Definitely. :D Though Alice In Wonderland is my favorite, then Sword in the Stone, then Emperor's New Groove. I didn't think the Lion King was that great, actually.


----------



## Dannichu (Sep 2, 2008)

Lion King wins, but very honourable mentions go to Pocahontas and Hunchback (Stephen Shwaaaaaartz <333), Mulan (because she's the most awesome Disney female and you know it), Basil the Great Mouse Detective, Brother Bear, the Rescuers and Beauty and the Beast.


----------



## Storm Earth and Fire (Sep 3, 2008)

Fantasia. The old one. 2000 ain't got nothing on the original. :P

The Lion King and Aladdin are definitely up there for me, though. This needs to be multi-choice. D:


----------



## Strawberry (Sep 3, 2008)

I haven't seen any of these in such a long time...I can't choose one, though! D:


----------



## Cyndaquil (Sep 3, 2008)

Common Dog fans the 101 dalmations is very good too! I mean the one out of drawing is just as cool.


----------



## Renteura (Sep 5, 2008)

Gawd that's a bid poll.

Winnie the Pooh FTW.

The Lion King is definitely in second though.


----------



## Fredie (Sep 5, 2008)

Well. I voted for The Lion King although, I like Lilo and Stitch too, that was a good film..


----------



## ThePokemonMaster131 (Sep 5, 2008)

The Lion King no doubt.

It had more sequels and spin-offs than any other series I think, including video games appearances.


----------



## Minnow (Sep 15, 2008)

Lion King edged itself over Robin Hood for me. 
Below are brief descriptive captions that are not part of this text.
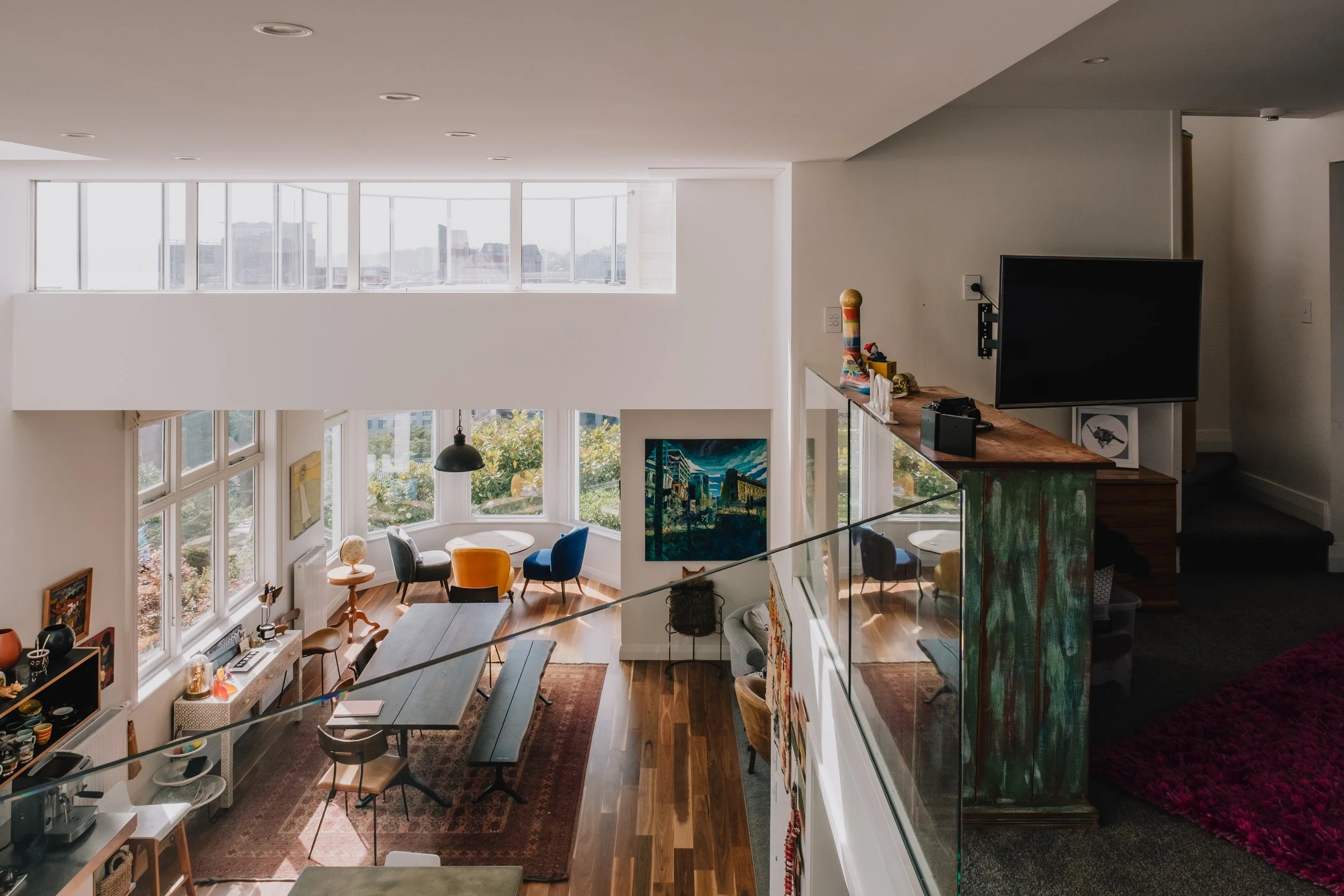 Mezzanine lounge in Wellington villa renovation at Talavera Terrace, creating a private family retreat while maintaining connection to open-plan living spaces below.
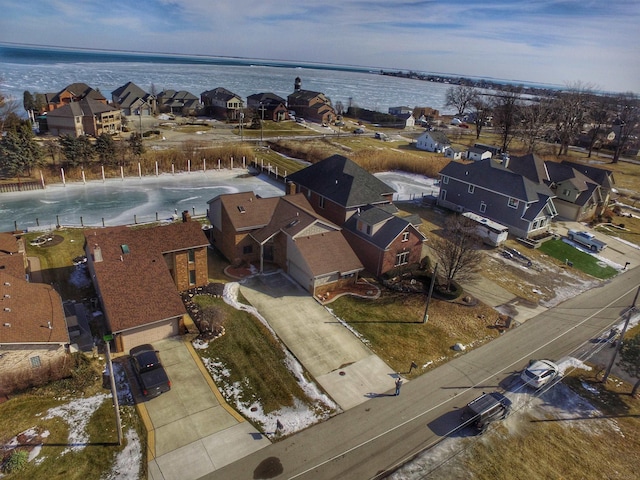 birds eye view of property with a water view and a residential view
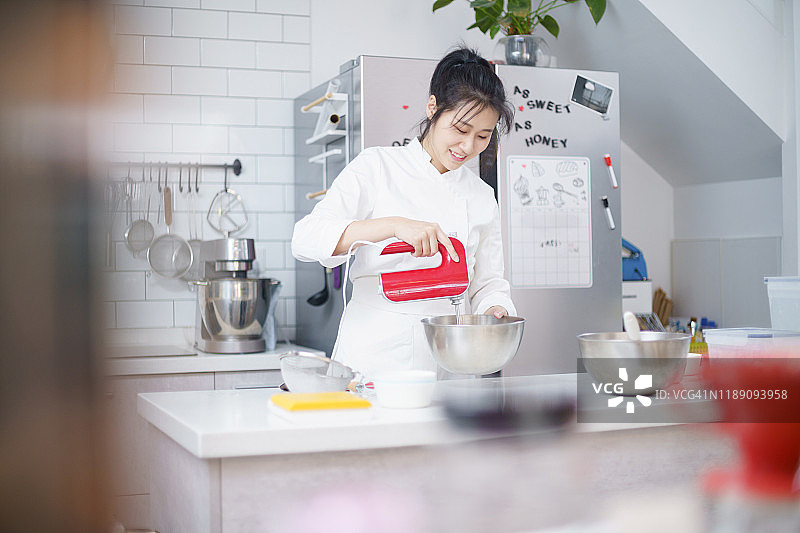 年轻的亚洲女性用搅拌器在碗里混合蛋糕面团图片素材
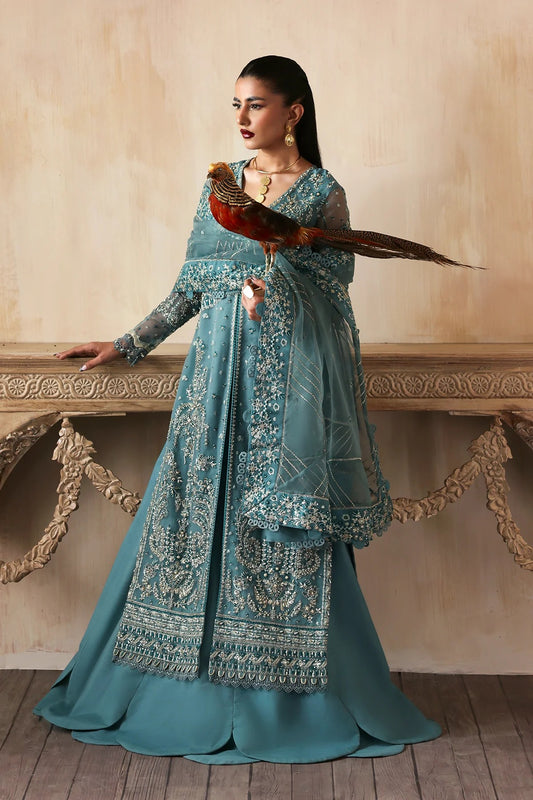 Elegant hand-embroidered organza suit with detailed front, back, and sleeves panels, paired with an embroidered organza dupatta and dyed trousers—perfect for festive occasions.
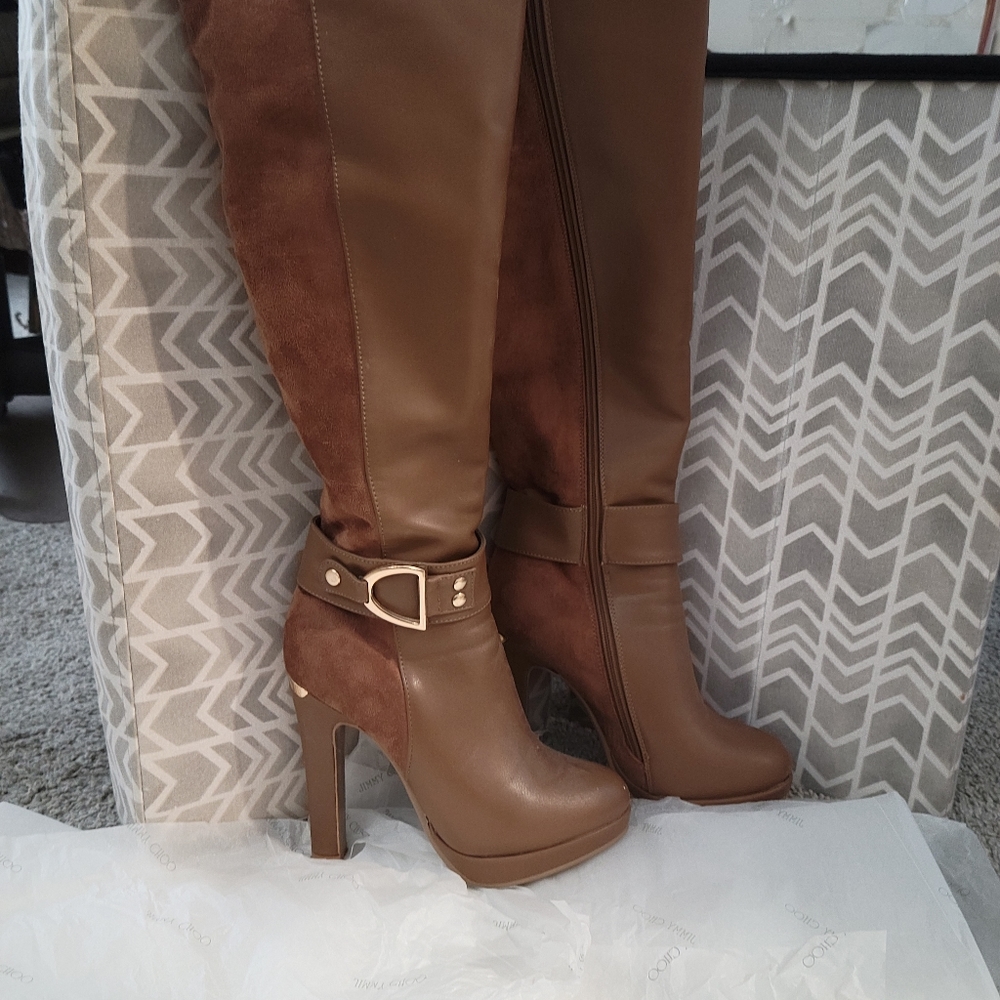 High knee, heeled boots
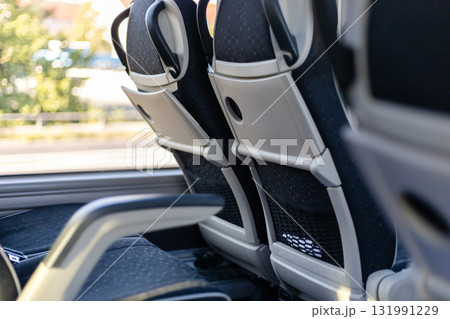 Inside the bus, rows of empty, comfortable seats are arranged with a sleek design. Sunlight filters through the windows, highlighting the peaceful scenery outside Inside the bus, rows of empty, comfortable seats are arranged with a sleek design. Sunlight filters through the windows, highlighting the peaceful scenery outside 131991229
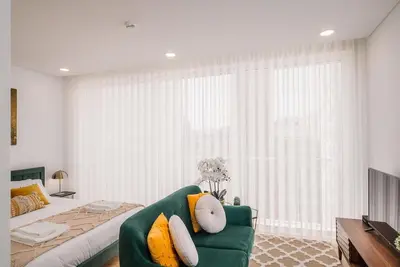 a bedroom with a green couch and a large window at Chimney Luxury House with AC in Porto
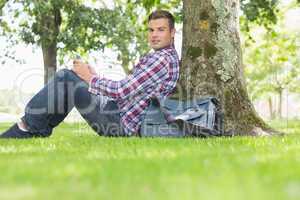 Smiling student using his tablet to study outside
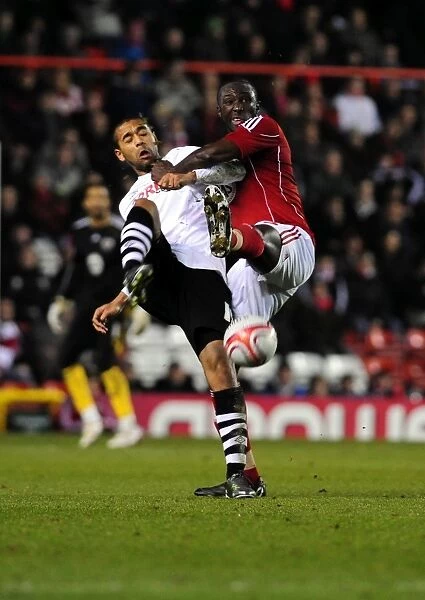 Battling for Supremacy: Damion Stewart vs. Luke Moore in the 2011 Championship Clash between Bristol City and Swansea City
But my favorite Disney movie, TNBC, isn't on their 'Masterpieces' list, boo.


----------



## Dannichu (Sep 16, 2008)

ThePokemonMaster131 said:


> The Lion King no doubt.
> 
> It had more sequels and spin-offs than any other series I think, including video games appearances.


But, for the most part, the sequels and spin-offs were shockingly awful. LK3 was one of the most atrocious things I've ever seen, and LK2 wasn't brilliant... the main characters irritated me and the plot wasn't great (like LK was a Disneyfied Hamlet, LK2 was a Disneyfied Romeo and Juliet - of course, Hamlet is a decent play, while R&J has been done to death). The songs were good, though.


----------